New Claim Added to Zimmer NexGen Knee MDL
A resident of Manhattan, Kansas is the latest plaintiff to join the mounting litigation over the alleged premature failure of Zimmer knee implants. Dinah Terrill filed her complaint in the U.S. District Court for the District of Kansas on May 25, 2012. Though she filed in Kansas, her case will be consolidated for pretrial proceedings in the U.S. District Court for the Northern District of Illinois, the venue for the multidistrict litigation (MDL) over Zimmer’s NexGen knee implants.
Kansas woman claims she suffered Zimmer NexGen knee failure
According to Terrill’s complaint, she was implanted with a multi-component Zimmer NexGen knee device on her right knee on October 5, 2009. The components included the Zimmer NexGen LPS-Flex, the NexGen GSF LPS-Flex, and the NexGen MIS Tibia.
Soon after her initial surgery, Terrill reportedly began to suffer pain, discomfort, and loss of mobility. It was later determined that the implant had become loose and she was required to undergo Zimmer knee revision surgery to repair or replace the failing device. She is seeking both compensatory and punitive damages for her permanent and ongoing injuries. Zimmer knee revision surgery is generally considered to be a more difficult and painful surgery than the original one, requiring a more arduous post-surgery rehab.
If the plaintiff’s Zimmer knee lawsuit is not settled or otherwise resolved as part of the MDL proceedings, it will return to the Kansas court for trial.

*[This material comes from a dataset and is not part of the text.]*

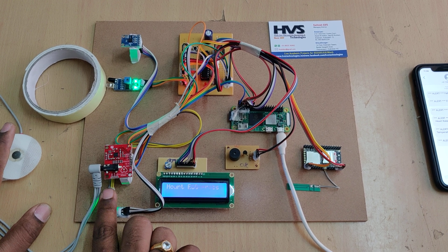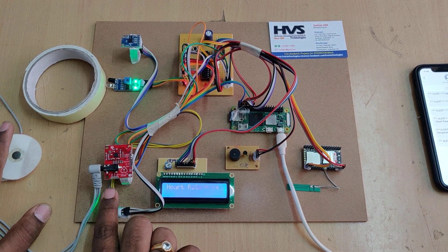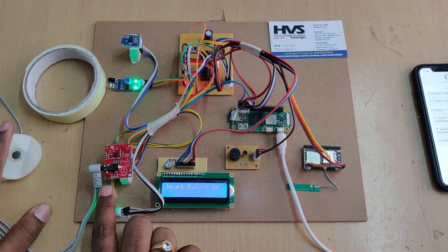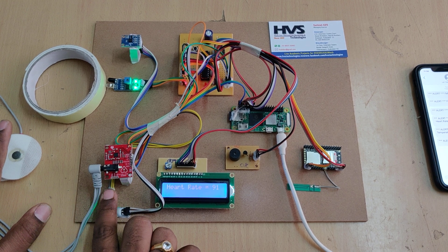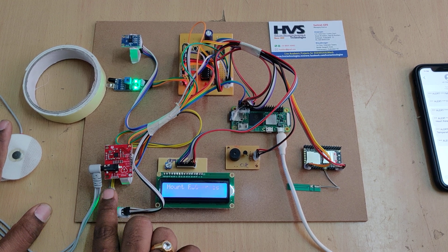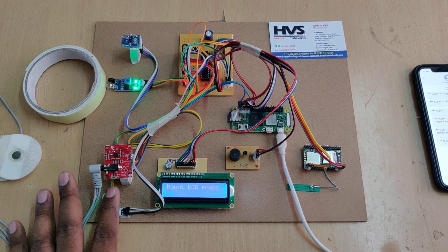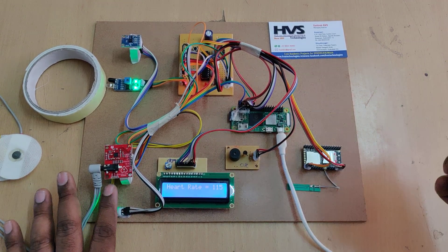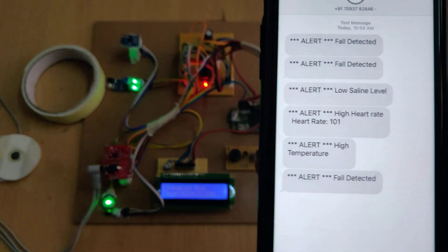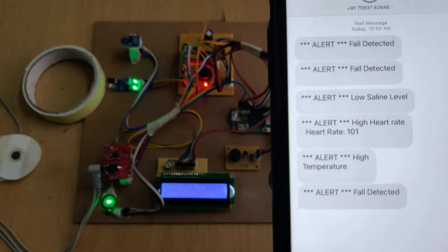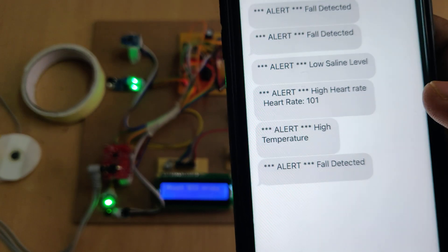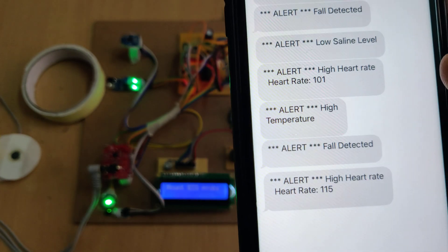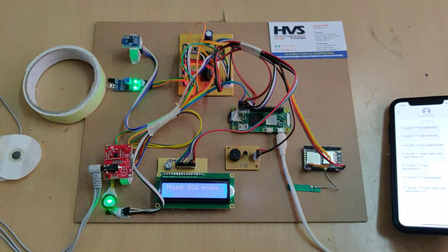To test malfunctioning, tap the finger pulse sensor to create abnormal conditions. The system will provide alerts for fault detection, low saline level, and high heart rate. We just received a high heart rate message.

Leading surgeon “lost confidence” in Zimmer knees
According to a recent article in the New York Times, problems with the NexGen implants began to emerge as early as 2005. Dr. Richard A. Berger, a surgeon at the Rush University Medical Center in Chicago and a former Zimmer consultant, was among the first in the U.S. to use the uncemented version of the device, known as the CR-Flex. He implanted it in approximately 125 of his patients in 2005, but grew concerned when follow-up X-rays in 2006 revealed lines where the implant was supposed to fuse with the femur, indicating that the implants had failed to fuse and become loose.
Dr. Berger stopped using the device in 2007 and conducted a review of 108 patients. Working with another Rush Medical Center surgeon, Dr. Berger found that 8.3 percent of the patient group required Zimmer knee revision surgery within 2 years. The knee also showed signs of loosening in 36% of the patients, indicating the possible need for future Zimmer knee revision surgery.
Zimmer maintains that instances of early loosening are not due to a design defect, but instead to improper surgical technique. Once a highly paid consultant for the joint manufacturer, Dr. Berger told the Times that he had “lost confidence” in the company.